I have read precisely none of those – not that that’s about to stop me from opining about the list…

Given that The Rehearsal remains my favourite of all the books I’ve read during the lifetime of this blog, I’m naturally very pleased to see Eleanor Catton on the longlist. The Luminaries has not been published yet, but it promises to be a great big tome set in the New Zealand goldrush of the 1860s, taking in astronomy, murder mysteries, and more besides. I’m really looking forward to it.

The other writer I am particularly pleased to see longlisted is Alison MacLeod. I know her more as a fine writer of short stories, but I’m certainly intrigued to read one of her novels. Unexploded, set in wartime Brighton, isn’t out yet either, so there’s not much more I can say there.

Looking at the list more generally, I think the range of author nationalities is nice to see. The Booker has perhaps been starting to look a mite parochial in recent years, having gone to well-established English authors for four years in a row. With only Jim Crace really fitting that description here, we may well see a different outcome this year.

The longlist is lighter on small-press titles than I’d have liked.

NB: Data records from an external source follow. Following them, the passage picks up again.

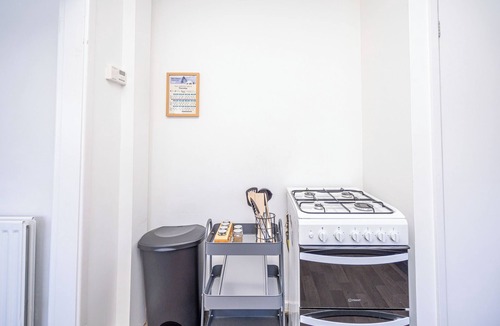 Wolverhampton House | Spacious - Sleeps 7 - Pantry & Fridge Essentials - Contractors - Leisure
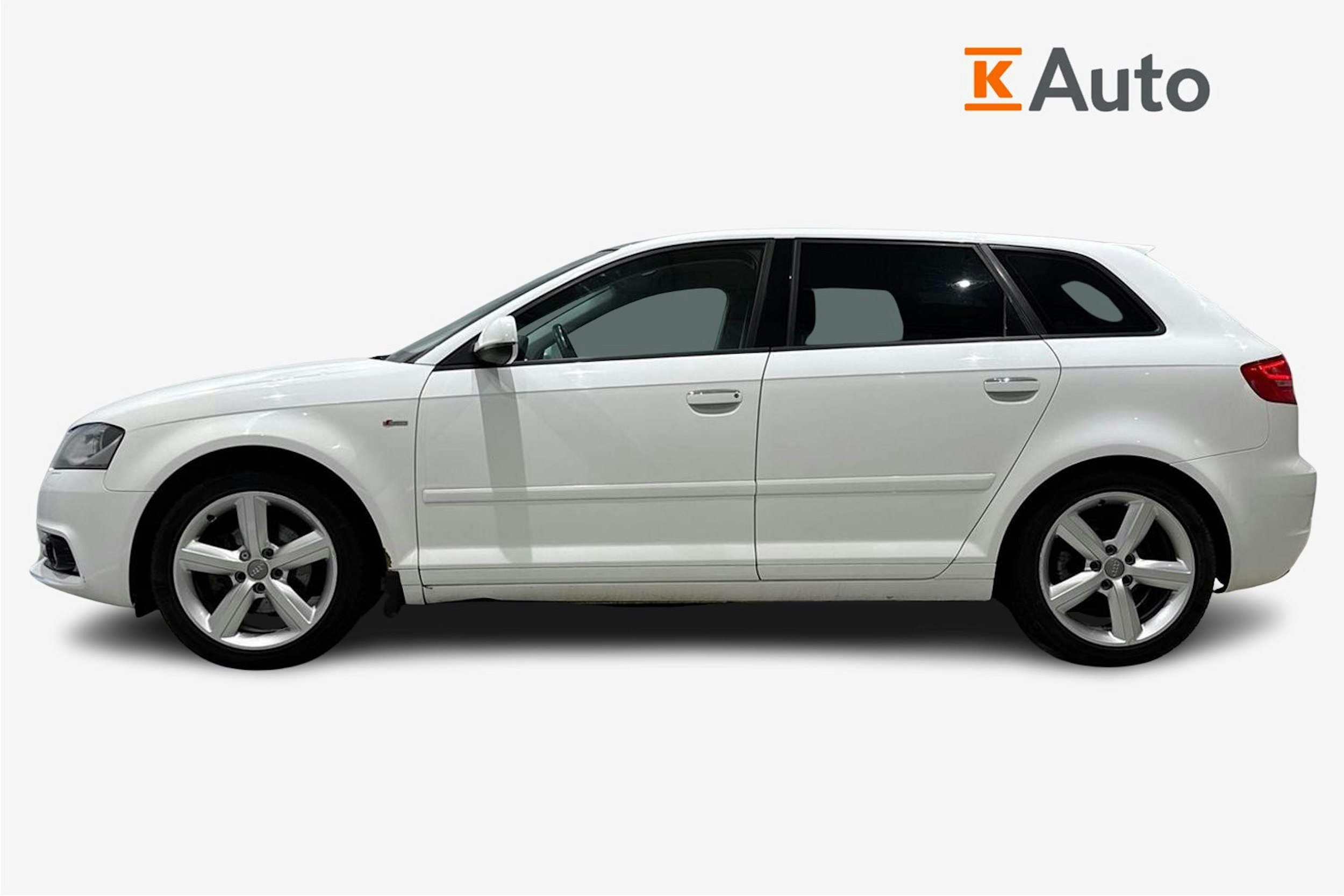 valkoinen Audi A3 2012 kuva 6.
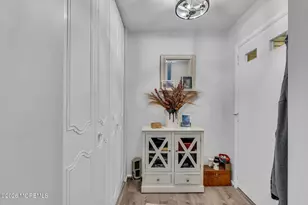 390 Picardy Ct, Lakewood, NJ 08701 - Photo 16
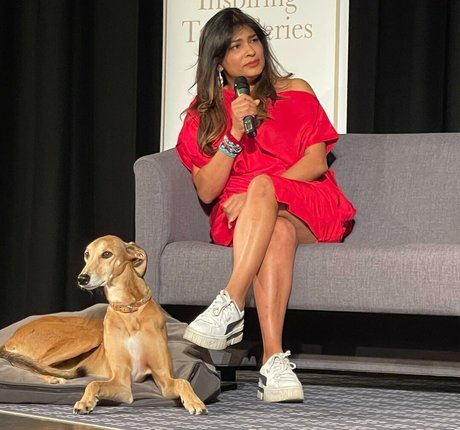 Naken läckt OnlyFans-bild av Nisha Katona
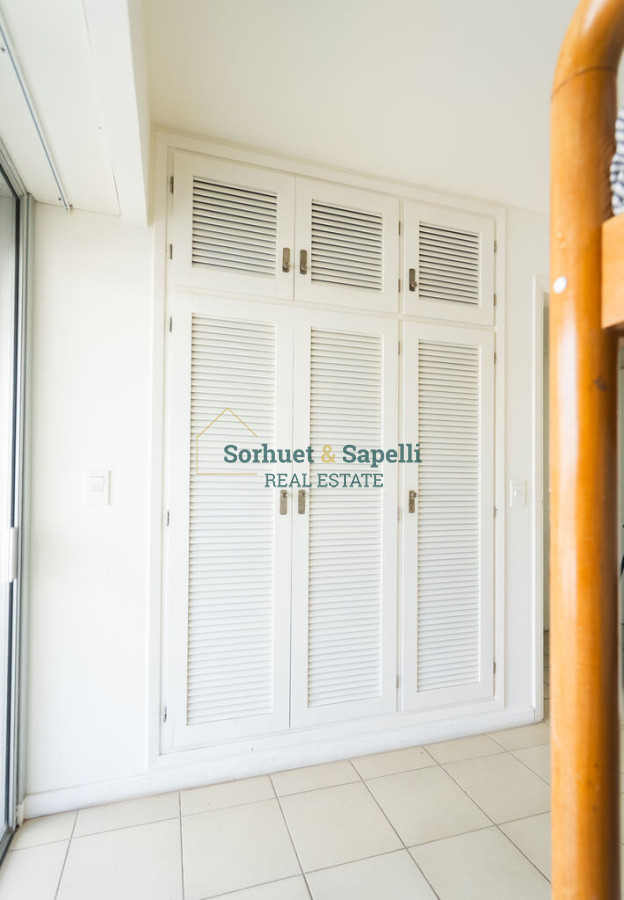 Apartment for Sale in Peninsula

There’s only really Sandstone Press (and congratulations to them on a second longlisting, following The Testament of Jessie Lamb a couple of years ago). You could add in Canongate, Granta and Bloomsbury as independent publishers, I suppose – but they’re not small presses in quite the same way. After such a strong showing for small publishers last year (And Other Stories, Myrmidon and Salt – half the shortlist), I can’t help feeling a little disappointed about that.

Which of the books would I most like to read? Taking the Catton and MacLeod books as givens… The Kills has me especially intrigued – a vast political thriller cross-pollinated with a literary mystery, which was first published as a series of enhanced ebooks with added audio and video. Five Star Billionaire and We Need New Names sound interesting. I’ve heard so many good things about A Tale for the Time Being that I really ought to give it a go… That’s a full shortlist right there.

Reading round-up: late July

Catching up on some of the books I’ve read recently…

Rachel Joyce, Perfect (2013)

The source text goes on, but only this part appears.